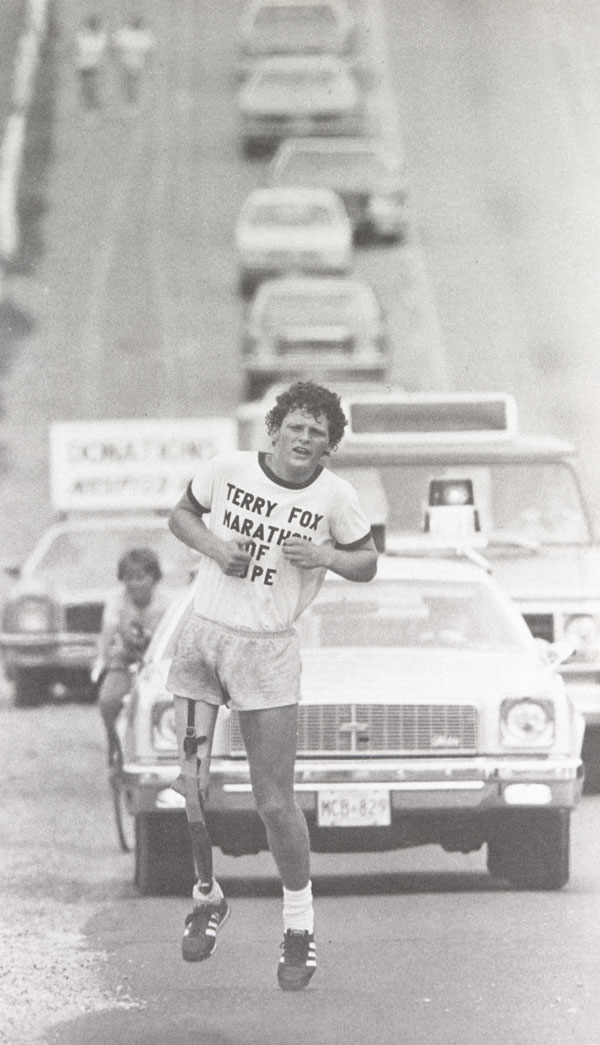Terry Fox outside Toronto, Canada, during his cross country Marathon of Hope in 1980. He was running with a prosthetic leg as he lost his leg due to his cancer. The marathon was all for cancer research and awareness and he hoped to cross the entire country of Canada. However he was forced to stop after 143 days of running, as his cancer was spreading. He would sadly die a year later, but his message made a lasting impact and help generate lots of donations and support for cancer research.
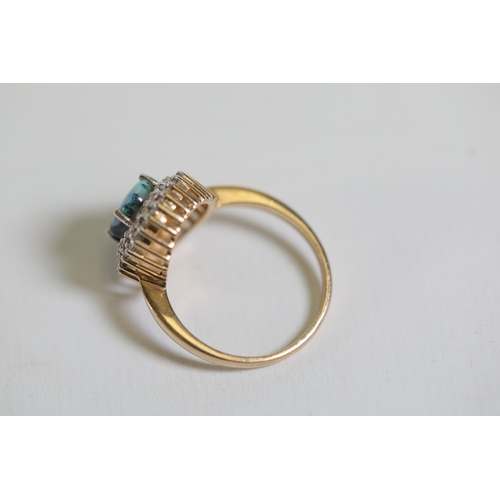 114 - A Oval Opal & diamond cluster ring, set in 9ct yellow gold Ring size P (this item has no hallmarks p... 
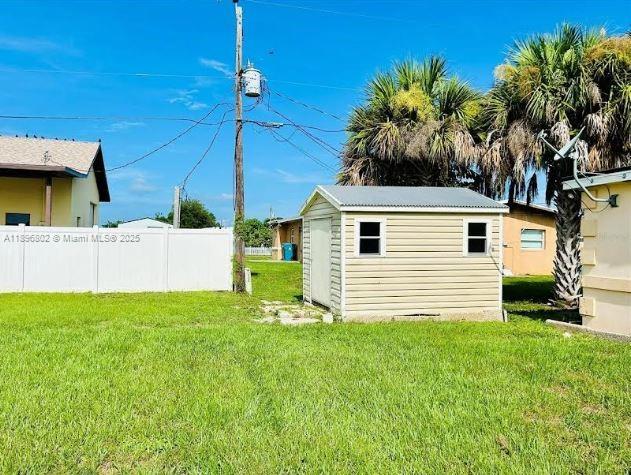 3147 Trevino Terrace, Unit 1 Punta Gorda, FL 33983 - Photo 46 of 48 a view of a house with a yard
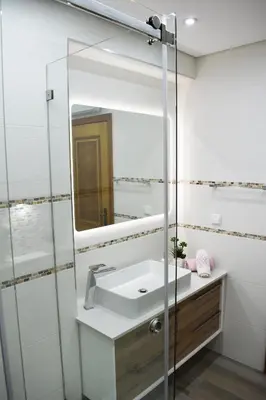 a bathroom with a sink and a mirror at Rising Sun Apartment in Albufeira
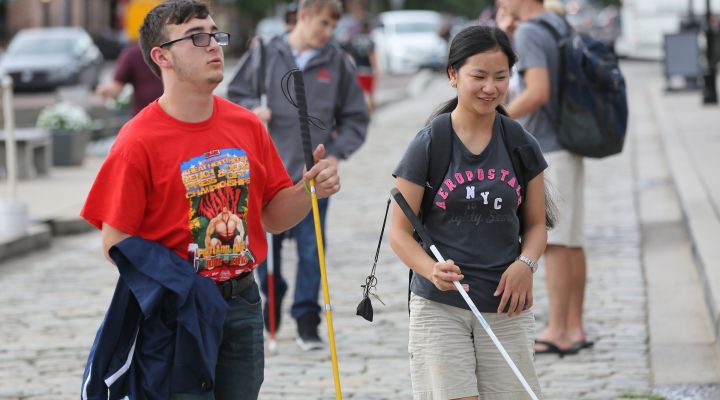 Two blind people walk on a sidewalk using white canes.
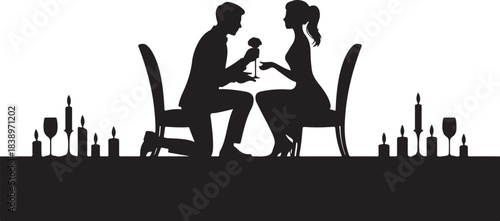 Man proposing marriage to woman at candlelit dinner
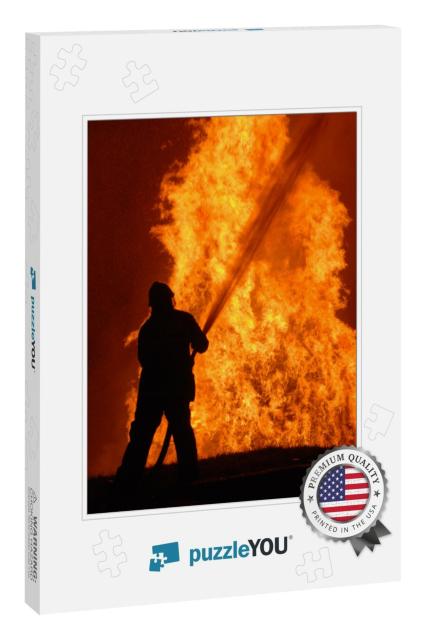 Lone Fireman Battling Against Raging Fire, Note Shallow F... Jigsaw Puzzle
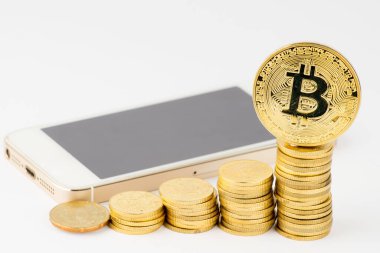 Fintech, iş ve kripto para birimi konsepti. Akıllı telefonlu bir yığın altın para ve beyaz arka planda Bitcoin.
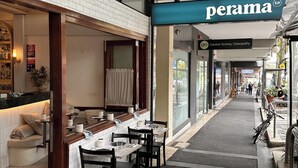 A restaurant with a tiled wall, a counter with stools, and a sign for 'perama 2.0 Central Sydney Osteopathy'. - MetaWiseBnB Spacious Apartment – 6km to CBD (Petersham)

» **Work instruction**
Please copy exactly the lines from the one containing "3147 Trevino Terrace, Unit" through the last line of the records, both ends included, and leave out any pictures.

» **Task result**
 3147 Trevino Terrace, Unit 1 Punta Gorda, FL 33983 - Photo 46 of 48 a view of a house with a yard
 a bathroom with a sink and a mirror at Rising Sun Apartment in Albufeira
 Two blind people walk on a sidewalk using white canes.
 Man proposing marriage to woman at candlelit dinner
 Lone Fireman Battling Against Raging Fire, Note Shallow F... Jigsaw Puzzle
 Fintech, iş ve kripto para birimi konsepti. Akıllı telefonlu bir yığın altın para ve beyaz arka planda Bitcoin.
 A restaurant with a tiled wall, a counter with stools, and a sign for 'perama 2.0 Central Sydney Osteopathy'. - MetaWiseBnB Spacious Apartment – 6km to CBD (Petersham)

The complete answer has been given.